The company’s U.S.-listed shares were up 1.4 percent at $18.75 in extended trading after closing up 19.3 percent in regular trading.
The sale of the business is the first step in the planned divestment of non-core assets and the proceeds would be used to repay term loan debt, Teva said.
Saddled with about $35 billion in debt, Teva has speeded up plans to divest non-core assets, Reuters reported last month, citing sources.
“Investors will like this news, as in addition to a good price for the asset, and the recent share decline has been likely due in part to investor worries that the debt burden is high,” Wells Fargo Securities analyst David Maris said in a note.
Teva’s U.S.-listed stock has halved since early August when it cut its forecasts.

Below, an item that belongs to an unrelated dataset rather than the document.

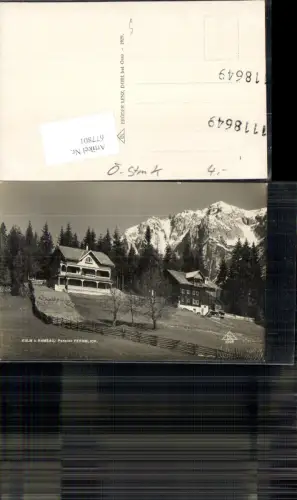 677801 Kulm bei Ramsau am Dachstein Schladming 1929 Pension Fernblick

The company said on Monday it continued to look for divestiture opportunities, including the sale of the remaining assets of its global women’s health business, as well as its oncology and pain businesses in Europe.
Teva said it expects to generate at least $2 billion in total proceeds from the sale of these businesses, as well as additional asset sales to be executed by the end of 2017.

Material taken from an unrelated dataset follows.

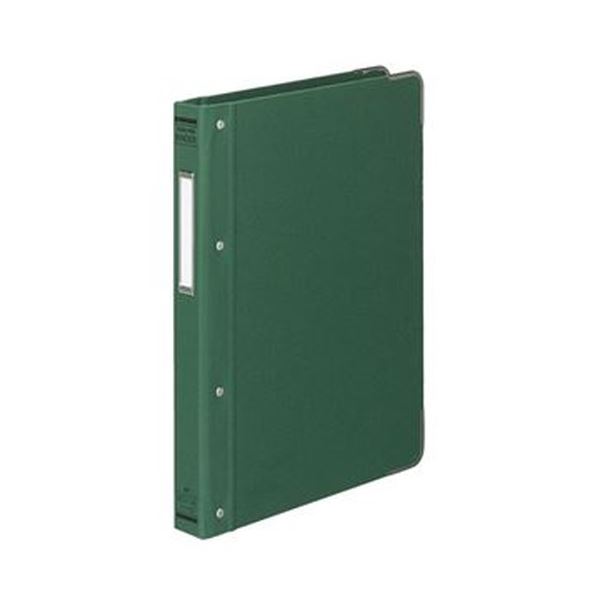 （まとめ）コクヨ バインダーMP（布貼り）B5タテ 26穴 100枚収容 背幅33mm 角金付き 緑 ハ-110G 1冊(×10セット) |b04の通販は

The deal with Cooper includes Teva’s manufacturing facility in Buffalo, NY, which makes Paragard exclusively.
Paragard, an intrauterine copper contraceptive device, posted revenue of about $168 million for the year ended June 30.
Teva said it will continue to manufacture and sell Paragard in the United States, until the deal is completed, which is expected before the year end.
Earlier in the day, Teva named smaller peer Lundbeck’s (LUN.CO) Chief Executive Schultz as its CEO.